BEGIN Stored data

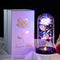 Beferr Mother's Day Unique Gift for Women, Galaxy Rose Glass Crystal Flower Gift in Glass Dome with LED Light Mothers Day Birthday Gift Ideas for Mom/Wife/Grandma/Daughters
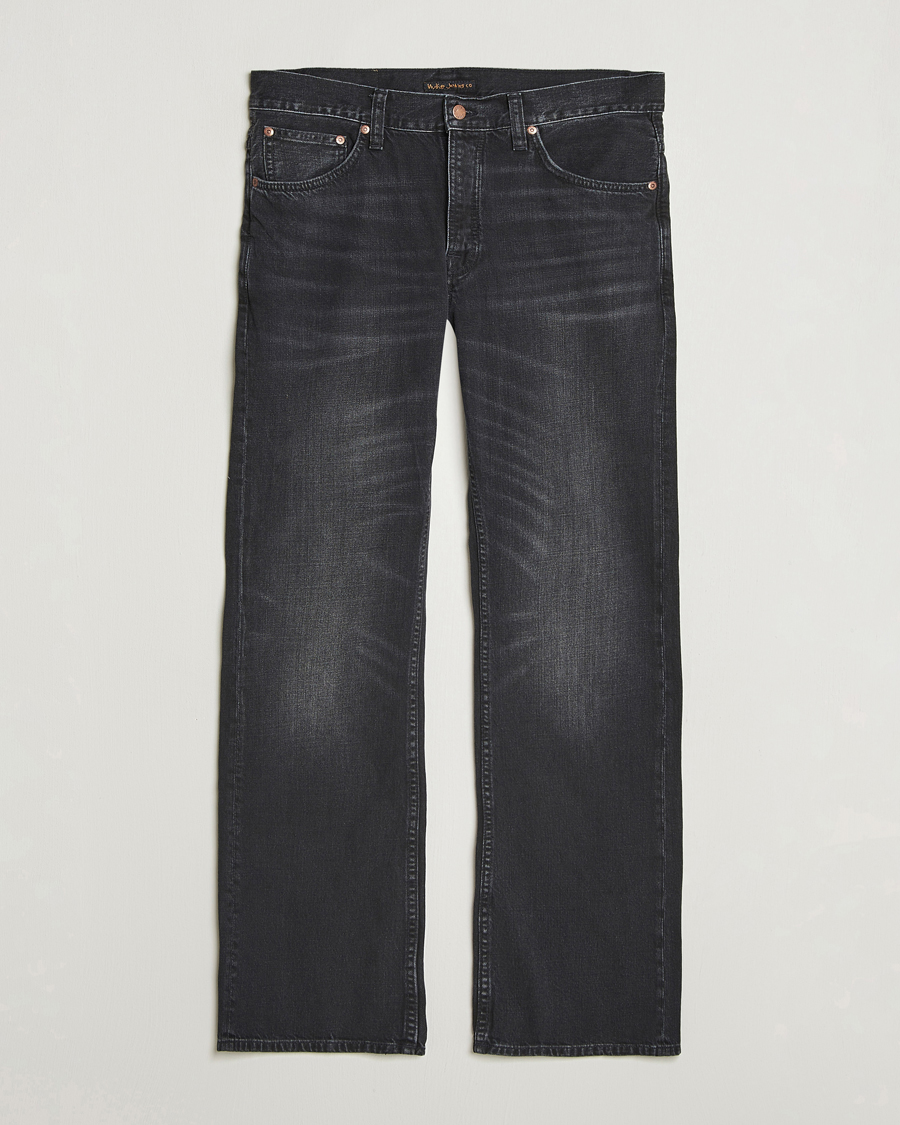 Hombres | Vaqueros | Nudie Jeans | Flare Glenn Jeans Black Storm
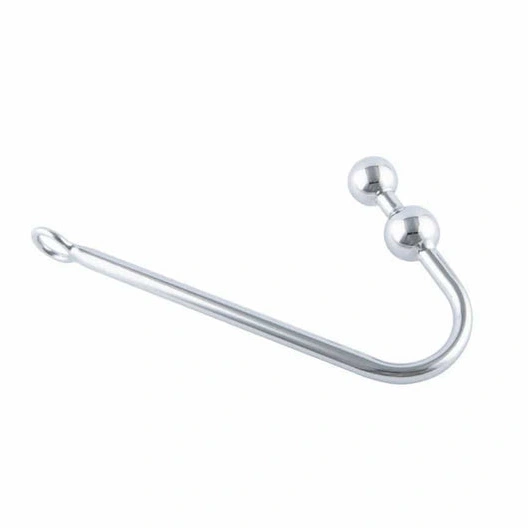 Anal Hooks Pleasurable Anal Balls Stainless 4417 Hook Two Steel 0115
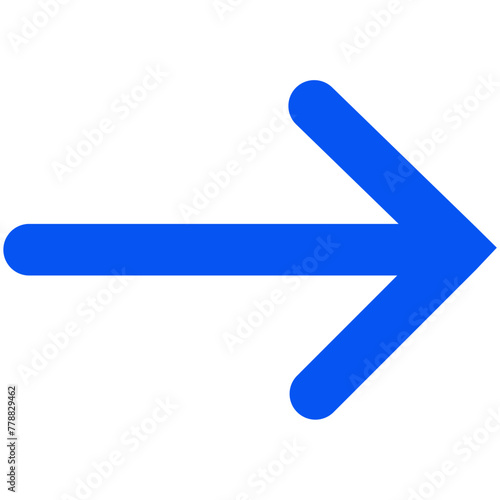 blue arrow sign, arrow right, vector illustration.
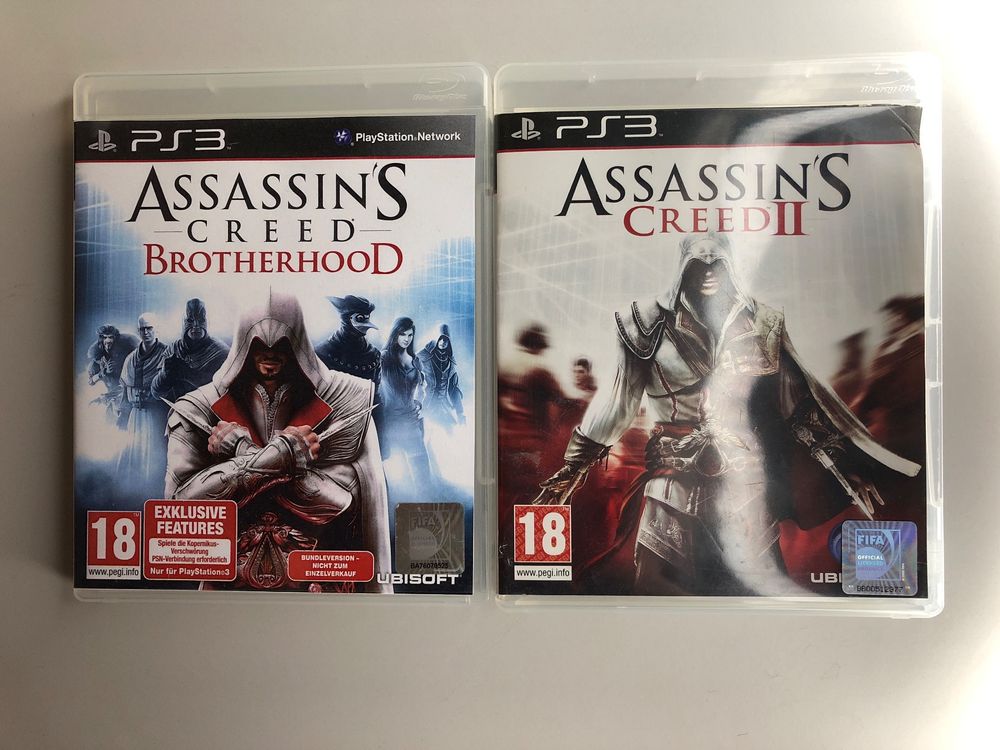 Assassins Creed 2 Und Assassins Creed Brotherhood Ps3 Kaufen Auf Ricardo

END Stored data
BEGIN Stored data

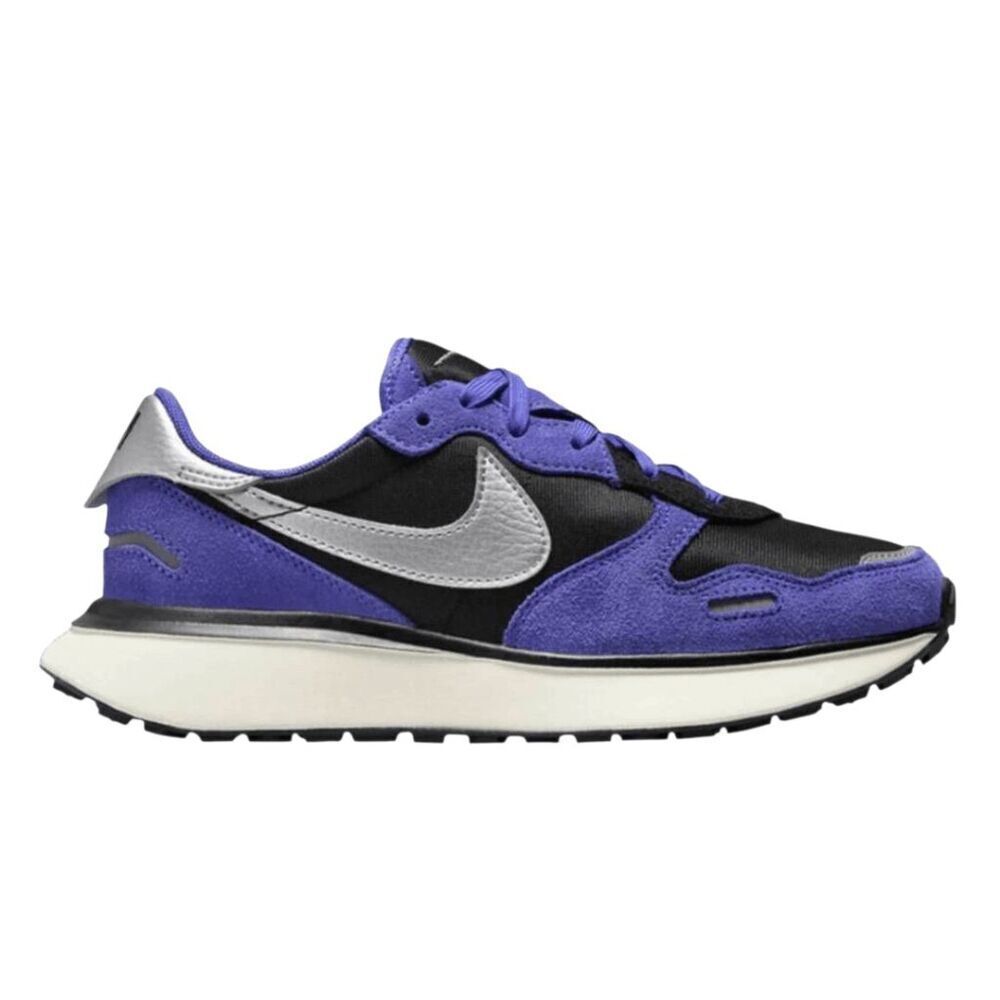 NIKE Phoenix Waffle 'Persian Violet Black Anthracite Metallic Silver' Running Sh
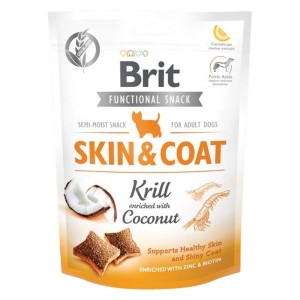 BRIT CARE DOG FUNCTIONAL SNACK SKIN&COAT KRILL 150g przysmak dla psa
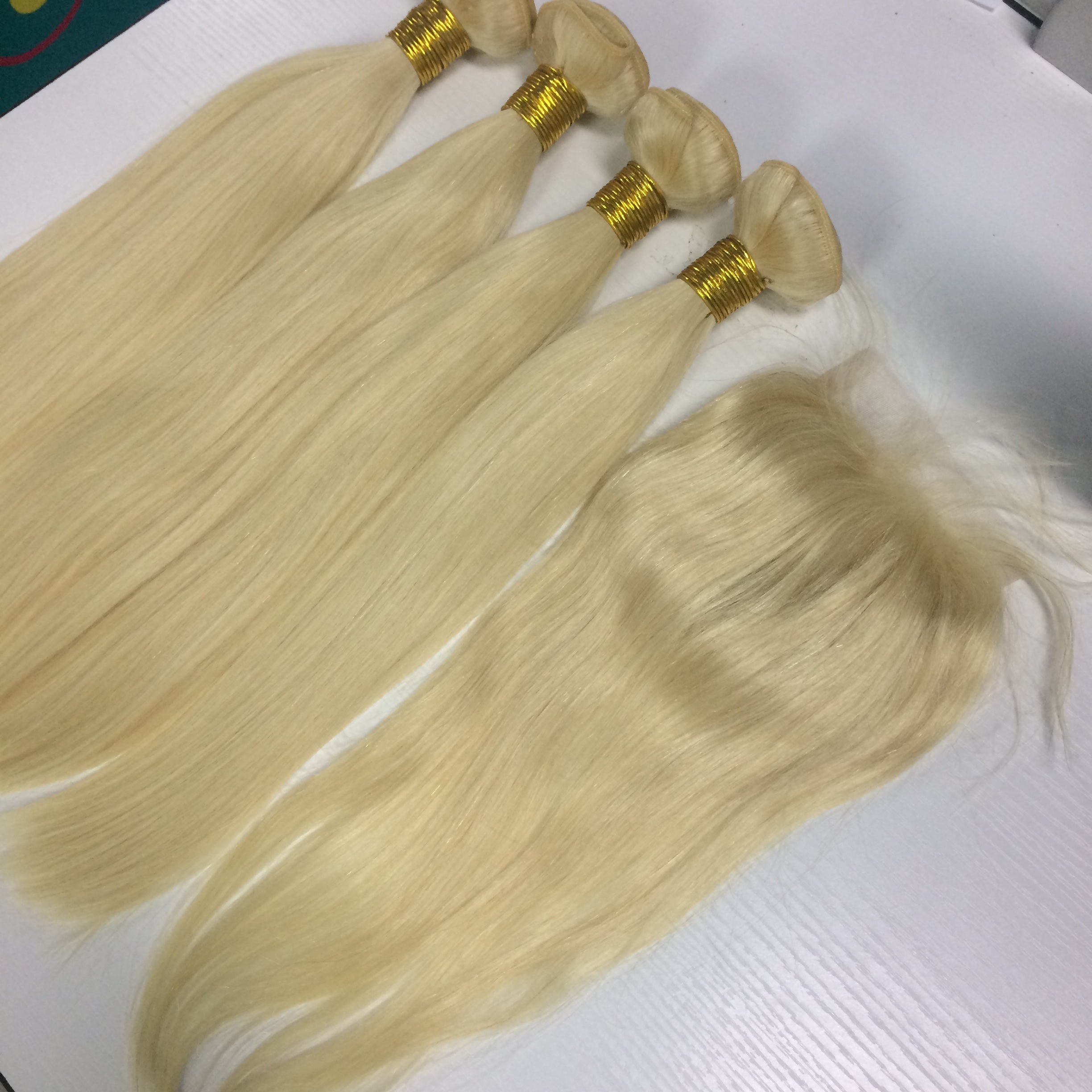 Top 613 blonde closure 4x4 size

END Stored data
BEGIN Stored data

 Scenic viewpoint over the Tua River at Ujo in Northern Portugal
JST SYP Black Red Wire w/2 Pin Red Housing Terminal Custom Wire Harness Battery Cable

END Stored data

▸ Exercise directions
Reproduce exactly the lines above that run from the one with "Beferr Mother's Day" to the one with "Hombres | Vaqueros", both included, leaving pictures out.

▸ Response to the exercise
 Beferr Mother's Day Unique Gift for Women, Galaxy Rose Glass Crystal Flower Gift in Glass Dome with LED Light Mothers Day Birthday Gift Ideas for Mom/Wife/Grandma/Daughters
 Hombres | Vaqueros | Nudie Jeans | Flare Glenn Jeans Black Storm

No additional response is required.